"light hydrocarbons that exist in liquid form underground and that are produced together with natural gas and recovered in separation facilities or processing plants —..."

the iea should check their facts.

gas reservoirs exists in the gas phase underground. ngls can be liquified by processing at the surface.

the exception would be a retrograde condensate, because of the unique combination of composition, temperature and pressure in the reservoir, intermediate h-c components condense in the reservoir upon pressure depletion.

ngls are composed of intermediate h-c components(h2 - h6).

"gas reservoirs exists in the gas phase underground"

Is this 'by definition', or is the gas from gas wells truly a gas before extraction?
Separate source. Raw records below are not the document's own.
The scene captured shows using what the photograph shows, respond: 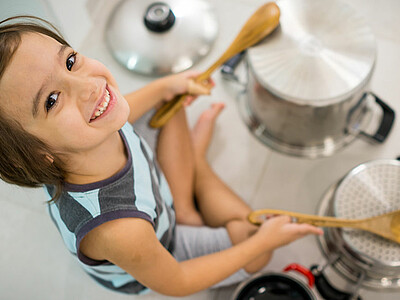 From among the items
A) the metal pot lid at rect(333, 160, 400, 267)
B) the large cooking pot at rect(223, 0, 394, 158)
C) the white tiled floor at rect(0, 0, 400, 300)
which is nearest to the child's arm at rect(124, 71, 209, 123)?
the large cooking pot at rect(223, 0, 394, 158)

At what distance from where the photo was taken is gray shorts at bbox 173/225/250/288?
2.82ft

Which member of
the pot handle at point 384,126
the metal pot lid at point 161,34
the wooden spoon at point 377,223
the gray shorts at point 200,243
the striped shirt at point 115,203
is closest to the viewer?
the striped shirt at point 115,203

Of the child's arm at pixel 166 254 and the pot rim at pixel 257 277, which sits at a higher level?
the child's arm at pixel 166 254

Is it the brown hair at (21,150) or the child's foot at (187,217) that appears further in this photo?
the child's foot at (187,217)

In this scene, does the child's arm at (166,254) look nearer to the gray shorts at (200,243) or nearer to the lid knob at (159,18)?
the gray shorts at (200,243)

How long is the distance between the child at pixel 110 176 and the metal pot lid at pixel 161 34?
0.81ft

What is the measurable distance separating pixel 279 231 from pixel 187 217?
8.4 inches

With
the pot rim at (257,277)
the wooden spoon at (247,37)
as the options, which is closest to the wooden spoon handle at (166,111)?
the wooden spoon at (247,37)

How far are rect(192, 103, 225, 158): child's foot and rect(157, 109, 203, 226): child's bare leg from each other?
107mm

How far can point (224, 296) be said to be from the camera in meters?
0.94

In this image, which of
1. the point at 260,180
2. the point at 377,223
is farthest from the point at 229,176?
the point at 377,223

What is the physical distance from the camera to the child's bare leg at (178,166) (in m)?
0.93

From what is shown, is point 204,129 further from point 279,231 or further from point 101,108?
point 101,108

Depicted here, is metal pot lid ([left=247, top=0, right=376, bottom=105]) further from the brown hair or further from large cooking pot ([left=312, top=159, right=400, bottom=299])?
the brown hair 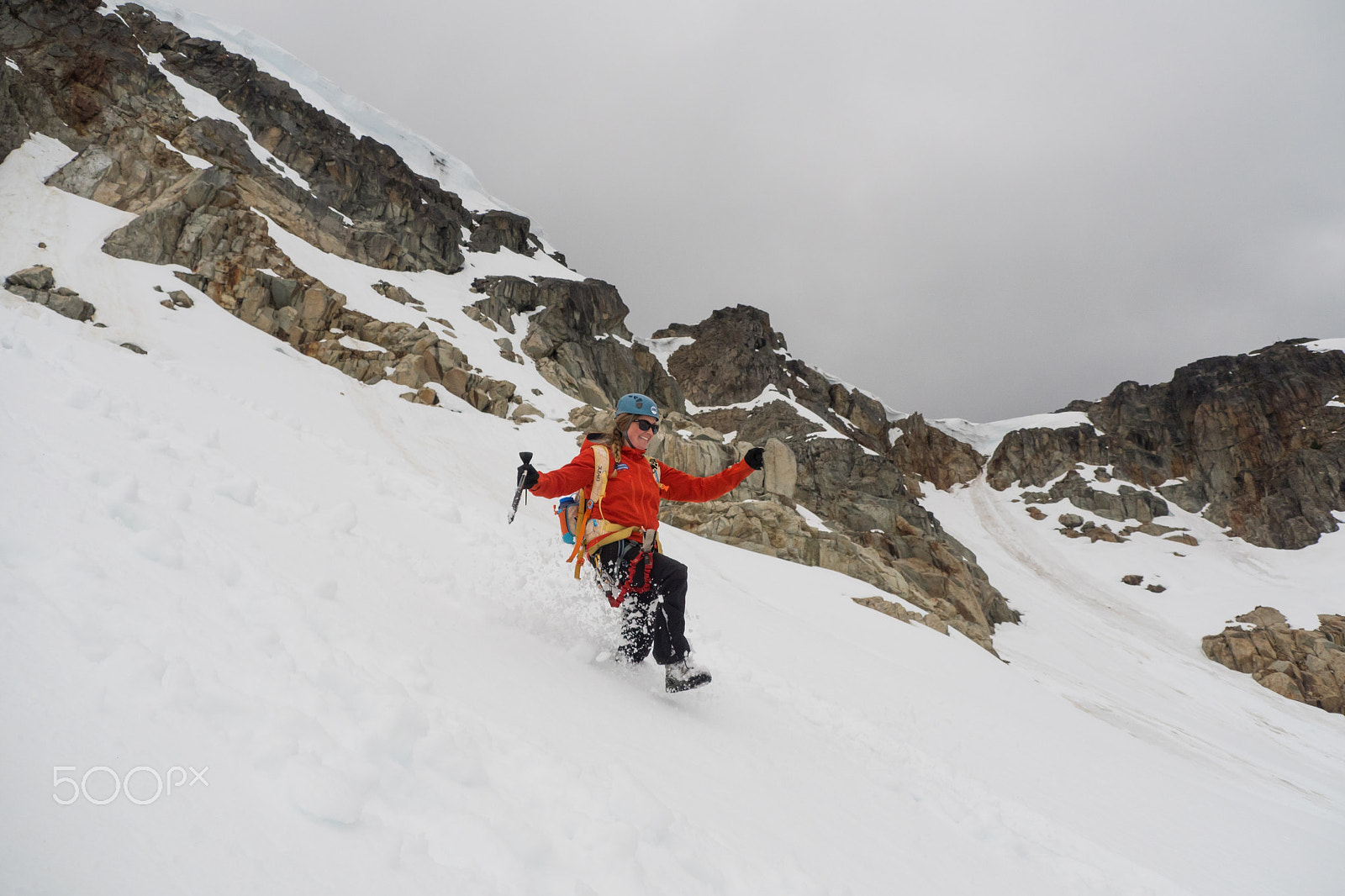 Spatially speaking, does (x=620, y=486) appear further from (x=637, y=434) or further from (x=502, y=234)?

It would seem that any gas associated with oil will be at least partially dissolved/adsorbed in the condensed phase.

Another question...are there any alkenes in the ngl mix?

-dr

So far in my career I have seen some characterisations of reservoir fluids, but cannot remember that anyone included alkenes.
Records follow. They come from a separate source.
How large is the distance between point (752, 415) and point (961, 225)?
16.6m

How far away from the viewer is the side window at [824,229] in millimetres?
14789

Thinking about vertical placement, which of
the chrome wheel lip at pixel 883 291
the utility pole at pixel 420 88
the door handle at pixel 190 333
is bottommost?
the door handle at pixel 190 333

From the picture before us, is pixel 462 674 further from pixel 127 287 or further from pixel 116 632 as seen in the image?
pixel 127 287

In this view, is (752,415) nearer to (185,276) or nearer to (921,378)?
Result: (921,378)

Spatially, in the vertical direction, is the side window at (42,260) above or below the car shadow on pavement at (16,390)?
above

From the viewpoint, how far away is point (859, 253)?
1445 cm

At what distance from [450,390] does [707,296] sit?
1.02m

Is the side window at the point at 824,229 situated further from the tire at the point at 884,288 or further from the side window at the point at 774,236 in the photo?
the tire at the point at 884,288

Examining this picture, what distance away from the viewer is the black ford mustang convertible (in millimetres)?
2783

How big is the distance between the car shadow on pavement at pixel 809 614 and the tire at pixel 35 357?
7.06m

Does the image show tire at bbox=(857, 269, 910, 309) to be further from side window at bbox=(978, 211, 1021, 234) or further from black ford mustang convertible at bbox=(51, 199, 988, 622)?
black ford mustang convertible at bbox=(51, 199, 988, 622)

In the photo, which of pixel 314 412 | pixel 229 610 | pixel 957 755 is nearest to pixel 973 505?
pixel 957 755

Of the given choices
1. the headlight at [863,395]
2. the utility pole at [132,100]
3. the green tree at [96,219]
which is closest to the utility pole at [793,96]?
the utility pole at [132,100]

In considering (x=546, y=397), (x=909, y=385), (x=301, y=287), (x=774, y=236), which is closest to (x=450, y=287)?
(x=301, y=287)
Normally cracking of hydrocarbons is the method of producing alkenes.

gas reservoirs by the petroleum reservoir engineering definition exist in the gas phase in their native state, i.e. pressure and temperature. and we know this from a laboratory study of the reservoir fluid at reservoir temperature commonly called a pvt(pressure-volume-temperature) study. the fluid is studied at constant temperature to determine its physical properties with depleting pressure. a pvt study will normally include a separator test, or series of separator tests to model production through surface equipment and determine (at least) initial liquids yield. the other important results of such a study are the composition of the separator gas and liquid.
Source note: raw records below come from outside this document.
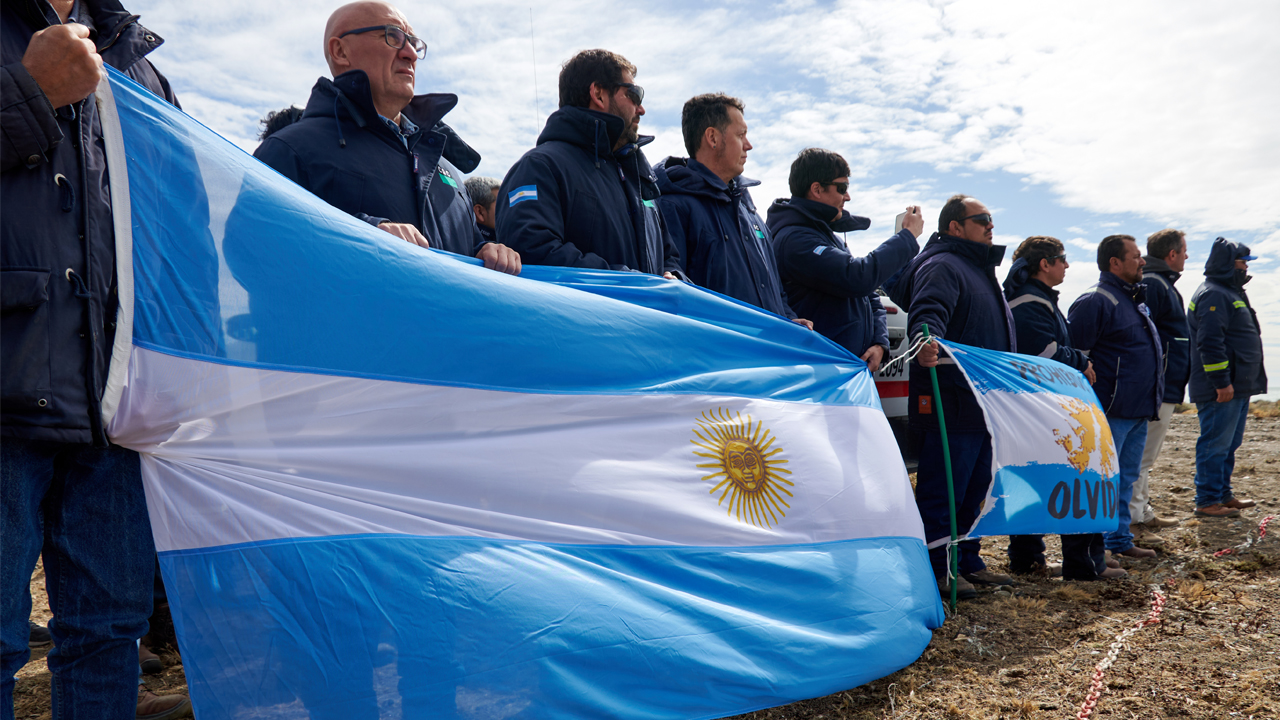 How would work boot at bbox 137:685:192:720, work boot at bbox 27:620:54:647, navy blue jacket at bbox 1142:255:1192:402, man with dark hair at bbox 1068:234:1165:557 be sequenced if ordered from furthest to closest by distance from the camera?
1. navy blue jacket at bbox 1142:255:1192:402
2. man with dark hair at bbox 1068:234:1165:557
3. work boot at bbox 27:620:54:647
4. work boot at bbox 137:685:192:720

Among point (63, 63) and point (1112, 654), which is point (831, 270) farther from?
point (63, 63)

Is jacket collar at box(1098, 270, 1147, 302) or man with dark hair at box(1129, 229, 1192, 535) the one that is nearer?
jacket collar at box(1098, 270, 1147, 302)

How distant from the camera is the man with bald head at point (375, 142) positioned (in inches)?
97.8

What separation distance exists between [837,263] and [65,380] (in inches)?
122

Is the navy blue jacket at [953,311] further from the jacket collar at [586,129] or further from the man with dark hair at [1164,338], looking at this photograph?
the man with dark hair at [1164,338]

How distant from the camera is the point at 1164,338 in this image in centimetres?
625

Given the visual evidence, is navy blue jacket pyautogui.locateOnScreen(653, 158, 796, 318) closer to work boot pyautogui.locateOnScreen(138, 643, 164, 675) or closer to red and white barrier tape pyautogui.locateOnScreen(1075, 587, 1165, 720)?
red and white barrier tape pyautogui.locateOnScreen(1075, 587, 1165, 720)

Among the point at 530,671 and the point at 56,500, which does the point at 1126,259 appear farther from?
the point at 56,500

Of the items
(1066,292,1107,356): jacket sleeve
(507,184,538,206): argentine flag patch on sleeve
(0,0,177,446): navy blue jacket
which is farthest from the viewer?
(1066,292,1107,356): jacket sleeve

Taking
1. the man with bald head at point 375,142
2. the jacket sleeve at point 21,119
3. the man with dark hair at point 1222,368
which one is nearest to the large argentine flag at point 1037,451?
the man with bald head at point 375,142

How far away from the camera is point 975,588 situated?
4.21 meters

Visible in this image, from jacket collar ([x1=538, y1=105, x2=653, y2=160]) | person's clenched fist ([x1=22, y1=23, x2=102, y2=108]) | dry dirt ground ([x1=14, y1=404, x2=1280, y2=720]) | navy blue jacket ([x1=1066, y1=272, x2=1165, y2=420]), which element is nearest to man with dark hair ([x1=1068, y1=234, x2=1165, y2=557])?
navy blue jacket ([x1=1066, y1=272, x2=1165, y2=420])

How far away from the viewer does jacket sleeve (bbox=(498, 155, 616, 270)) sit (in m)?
2.82

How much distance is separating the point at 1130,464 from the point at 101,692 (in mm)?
5727
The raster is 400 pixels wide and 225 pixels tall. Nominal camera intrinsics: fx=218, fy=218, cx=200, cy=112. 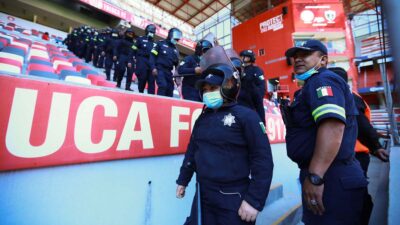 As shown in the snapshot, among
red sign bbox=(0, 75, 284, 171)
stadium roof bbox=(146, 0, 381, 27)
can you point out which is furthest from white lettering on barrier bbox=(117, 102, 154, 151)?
stadium roof bbox=(146, 0, 381, 27)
gas which is produced from an oil reservoir under pressure depletion will have largely the same characteristics. gas produced from an oil reservoir was originally disolved in a liquid phase with the smaller c through c6 molecules occupying intersticies between the larger liquid hc molecules.

and wrt alkenes, we dont normally analyse any h-c components heavier than c6 as individual components, they are usually lumped as one fraction.